The term $\tilde{L}^a$ is the Lorentz force term. Equation (18) shows the effect of deformation clearly. It can be easily checked that the 4-acceleration (and hence the Lorentz force) vanishes when there is no deformation because the electromagnetic 4-potential becomes zero in that case.

The equation also shows that, in addition to the Lorentz force term, there are corrections for the 4-acceleration in the present model. For Kaluza–Klein theory, there are no such additional correction terms because the proper time is defined on g_ab instead of $\tilde{g}_{ab}$ [11]. These correction terms are experimentally verifiable and can be used to distinguish the present model from Kaluza–Klein theory. We will calculate the explicit components of those terms in section 9.

6. Covariance breaking of the 5th dimension

The presented interpretation of the charge-to-mass ratio implies that the neutral particle-threads move only along the space-time while charged particle-threads flow along the direction of the 5th axis also. But then the motion will be relative between the particle-threads, so should a charged one observe itself as a neutral one and an originally neutral one as a charged one? An examination on the compatibility of reference frames gives the answer to this question.
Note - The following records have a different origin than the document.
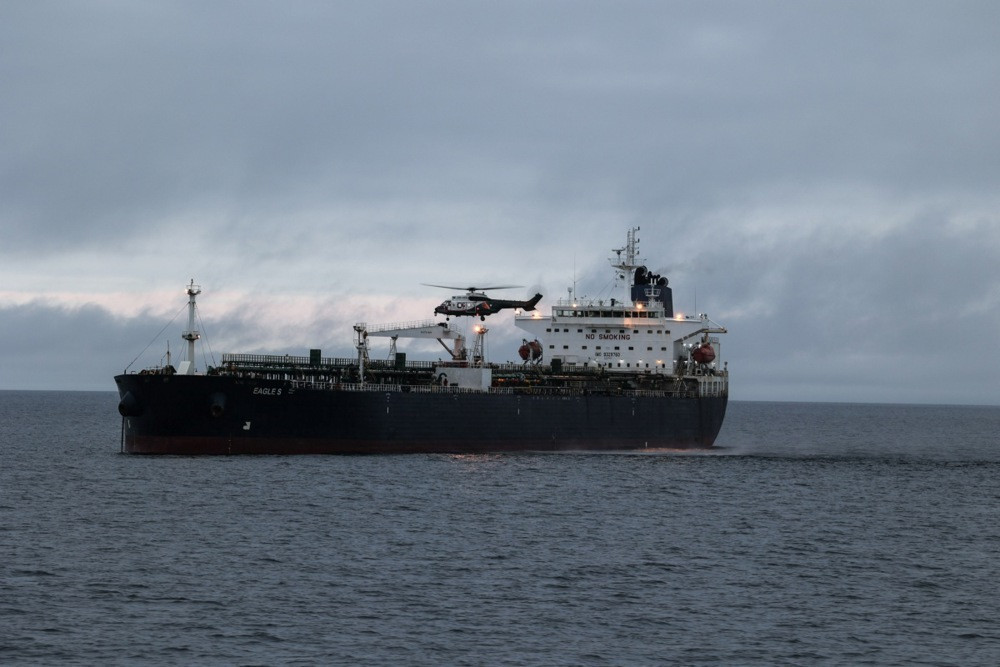 Finska premjestila zaplijenjeni tanker s ruskom naftom bliže luci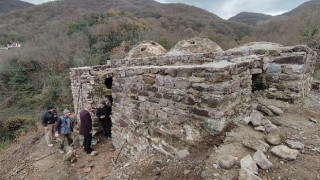 Yukaru Ulaşlı'aki Tarihi Osmanlı Hamamın Restorasyonu Sürüyor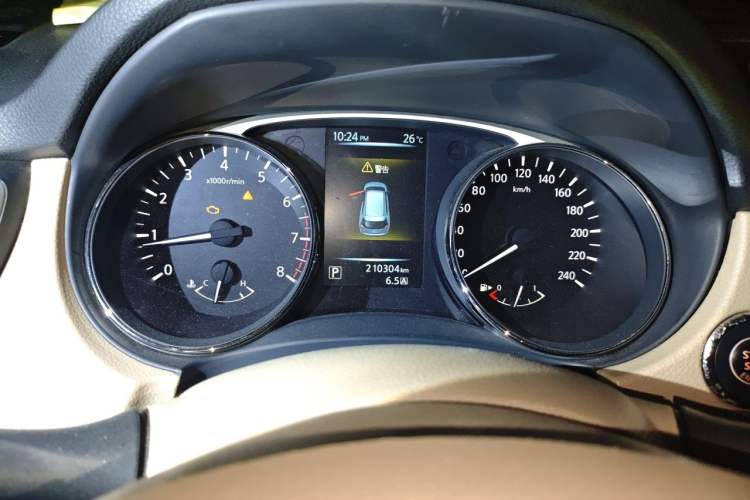 Used Nissan X-Trail 2014 2.0L CVT Comfort Edition 2WD Odometer Close Up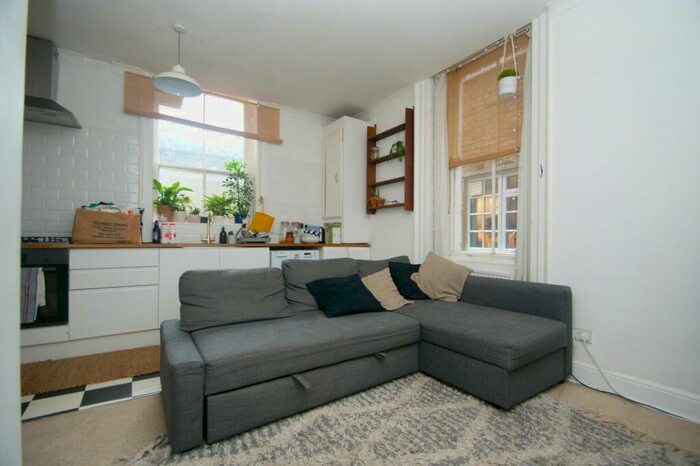 2 Bedroom Apartment To Rent In King Street, Margate, CT9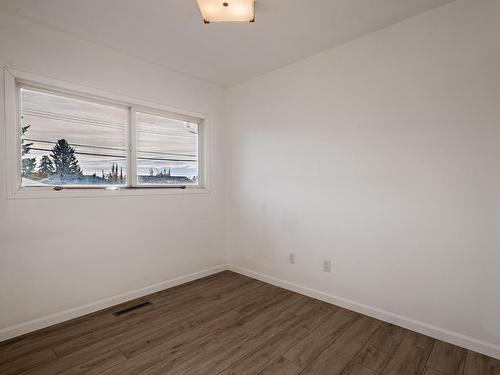 15731 110B Avenue, Edmonton, AB - Indoor Photo Showing Other Room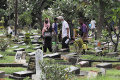 Ziarah Kubur Jelang Ramadan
All of the electromagnetic phenomena have been described and successfully explained by an observer who observes nearly all of the macroscopic objects in the world to be neutral. We will call this observer a natural observer and its frame as a natural frame. The suggested model in this paper produces a verified motion of an object at least to the leading term, the Lorentz force term, when the metric of the 5D manifold is constructed by a natural observer. We can examine whether a given frame is compatible with a natural frame by checking that the metric of the 5D manifold constructed by the corresponding observer gives the same 5D manifold constructed by a natural observer and also gives a correct motion for an object in a natural frame.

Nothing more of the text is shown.